Personally, I thought the best videos this year that I saw were Kanye West's "Jesus Walks" and My Chemical Romance's "Helena". In hindsight, the "Jesus Walks" video isn't really THAT good, but it tried really, really hard to be. That should count for something. "Helena" on the other hand was legitimately good; excellent choreography, some semblance of a story, the required number of performance shots, etc. Can you really get better than a zombie ballerina? Didn't think so.


Performances - The bread and butter; since these awards don't mean much of anything. I'll go one-by-one.

Green Day "Boulevard of Broken Dreams" - They might have been lipsyncing, but if they were, it wasn't obvious to say so definitively. This was a straightforward performance, and they sounded pretty good. The pyro was nice I guess. 7/10

Ludacris "Pimpin All Over The World" - They tried to "class it up" a little with some piano, I guess it was a nice touch. Went a little nuts on dancers and breakdowns and garbage like that. Ludacris also fell prey to the "I need to have some member of my posse up here ruining my performance" thing. 6/10

MC Hammer "Can't Touch This (remix???)" - This wasn't really a full performance; but I needed to mention it because it was HI-LARIOUS. They tried to freshen the song up or something, but they just made it like 57x worse. He must be hurting for money.

Shakira "Spanish Song Title That I Don't Know Off Hand" - This was actually pretty good; even that guy that does the song with her whose name I don't know. her dance moves are questionable, but she can sing and on the looks front... well, yeah. 8.5/10

R. Kelly "Trapped In The Closet" - This performance consisted of R. Kelly lipsyncing and acting out the parts of every character. It sounds like a terrible idea, but he seemed to have put some effort into it. You haven't lived until you've seen R. Kelly switch back and forth between playing himself, a woman, that woman's husband, and that husband's gay lover within a matter of seconds. 8/10

The Killers "Mr. Brightside" - This performance was done at some area hotel I think. It wasn't so hot. Brandon Flowers (the lead singer) may have "enjoyed" Miami a little to much the night before. More importantly, he was wearing a white suit jacket on top of a black V-neck t-shirt. Bad times. 5/10

P. Diddy, an orchestra, Dead 90s Rapper #2, Snoop Dogg "Don't Know What To Call This" - Literally SECONDS before this started, I said to myself "Shouldn't Diddy have started fellating Notorious BIG by now?" Well what do ya know... This was a good performance. "Juicy" was in there, along with other stuff; all done over a full orchestra. 8/10

Generic Reggaeton Artists "Reaggaton Is Terrible" - Daddy Yankee (I only know this guy's names because Jorge Posada has the song played before all of his at-bats at Yankee Stadium) and some other dudes did excerpts of their terrible songs. Horrible. But wait! While introducing this act, Fat Joe made a little remark towards 50 Cent; joking about the massive security force that he travels with. MORE ON THAT LATER. 2/10 for the music, 14/10 for Fat Joe provoking 50 Cent

Coldplay "Speed of Sound" - One of my favorites; but they really sounded like crap. I don't know what happened. Not much more to say. 5/10

Kanye West f/ Jamie Foxx "Gold Digger" - Best performance of the night, hands down. I was really shocked to head Jamie Foxx sing this strongly. Getting the crowd to chant "We need prenup!" deserves a ribbon or something. 9.5/10

Mariah Carey "Two Songs That I Hate" - I really, really dislike Mariah Carey; so much so that there's not even a point to discussing my feelings on her performance because I'm going to say that it sucked either way. Sucked/10 (But seriously, it was bad)
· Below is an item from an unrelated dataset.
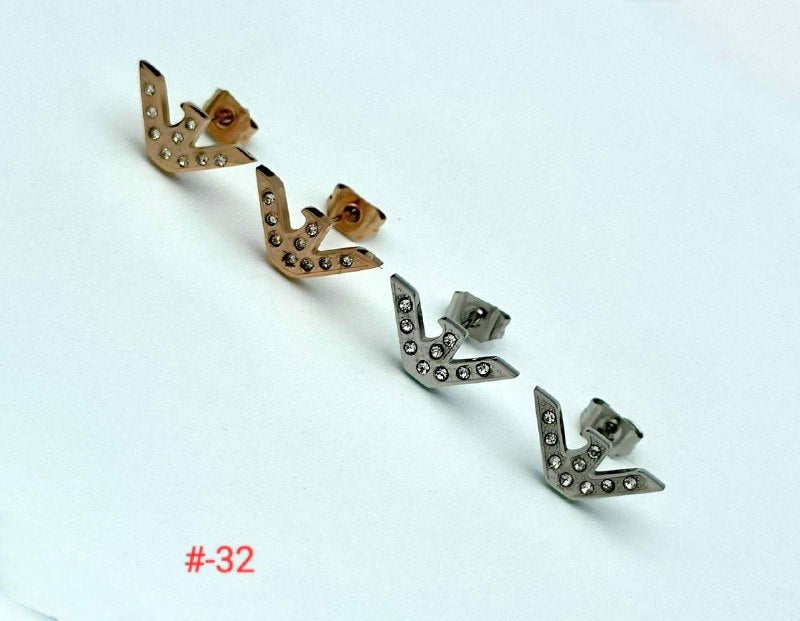 ARMAN EARING COME WITH PLAIN BOX am1105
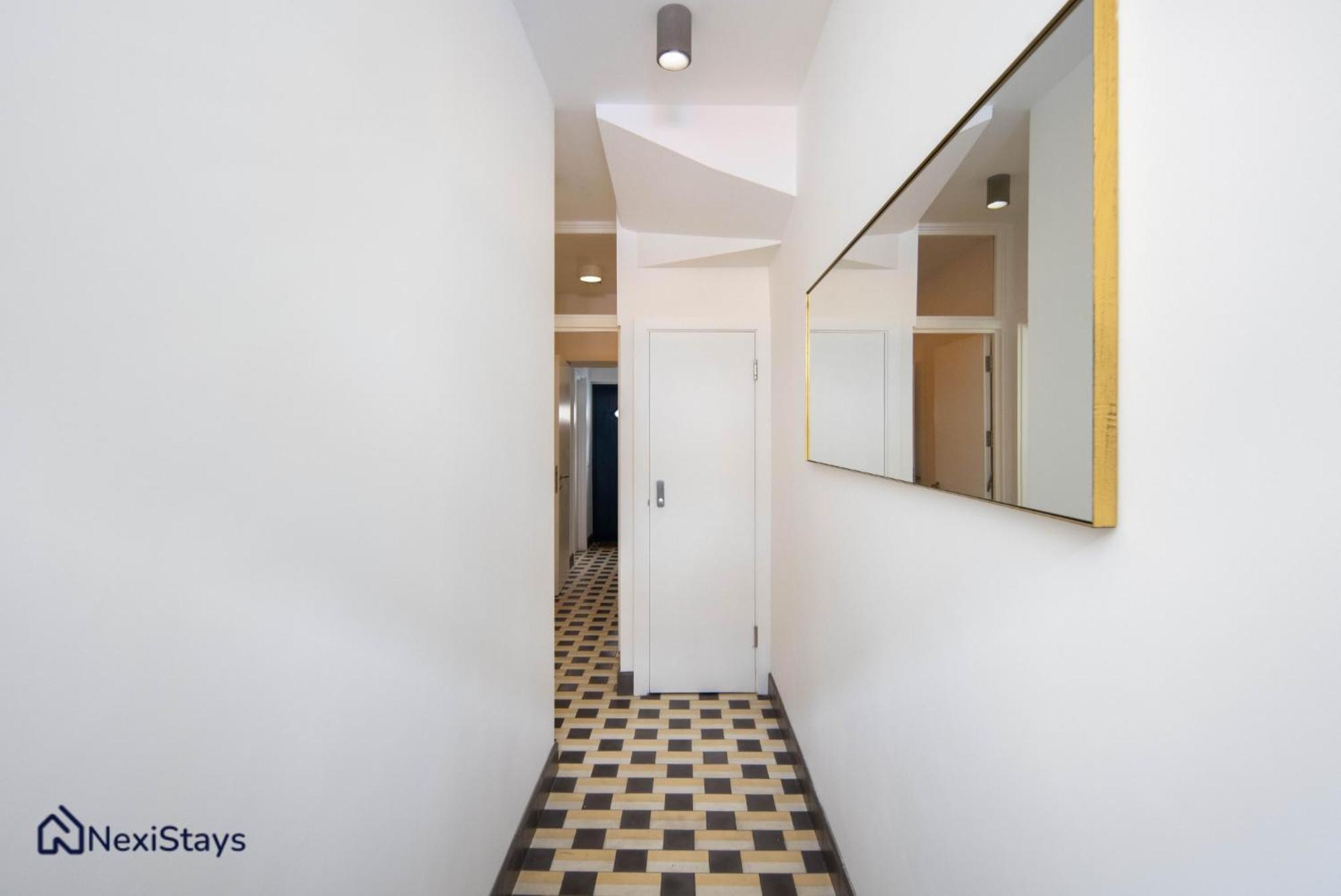Apartment 1 Min Walk To Euston Station, Modern Townhouse *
50 Cent f/ Tony Yayo "Candy Shop, Outta Control, So Seductive" - This stunk until Tony Yayo joined in did the Yayo things that are entertaining, like his ridiculous "shake my hand in front of my face really fast" dance. The real story here was the profanity-laced tirade directed at Fat Joe that they went into at the conclusion of the song. Most of it was censored, but I did make out "Fat Joe is pussy". 8/10 just for that.

My Chemical Romance "Helena" - They didn't sound too great live. Watching the zombie ballerina woman dance on stage wasn't as impressive as it is in the video. At the end the singer yelled "This is you grandma" nice moment. 7/10

Kelly Clarkson "Since You Been Gone" - I really didn't understand why she was closing a show of this magnitude (this spot is usually reserved for BIG TIME people) but she did well with it. She was getting drenched with water towards the end for some reason. Basically she went nuts for 6 minutes. 8.5/10



And that's that. The show wasn't very good overall, but there were some bright spots along the way. MOVE THE SHOW TO NYC/LA, NOW.

27.8.05

The NFL Ruined American Pro Sports

Image hosted by Photobucket.com

There's a slight possibility that the 1-2 punch of Super Bowl 35 (Referees stole that game) and THIS DISASTER did irreparable damage to my pro football fandom; but I'd like to think that I'm not that fickle. It's just that I have recently found myself to be less and less interested in the NFL. At the same time I'm just as, if not more so of a college football fan (Go Irish!?!?!), so it isn't an issue with the sport itself; it's an issue with the National Football League.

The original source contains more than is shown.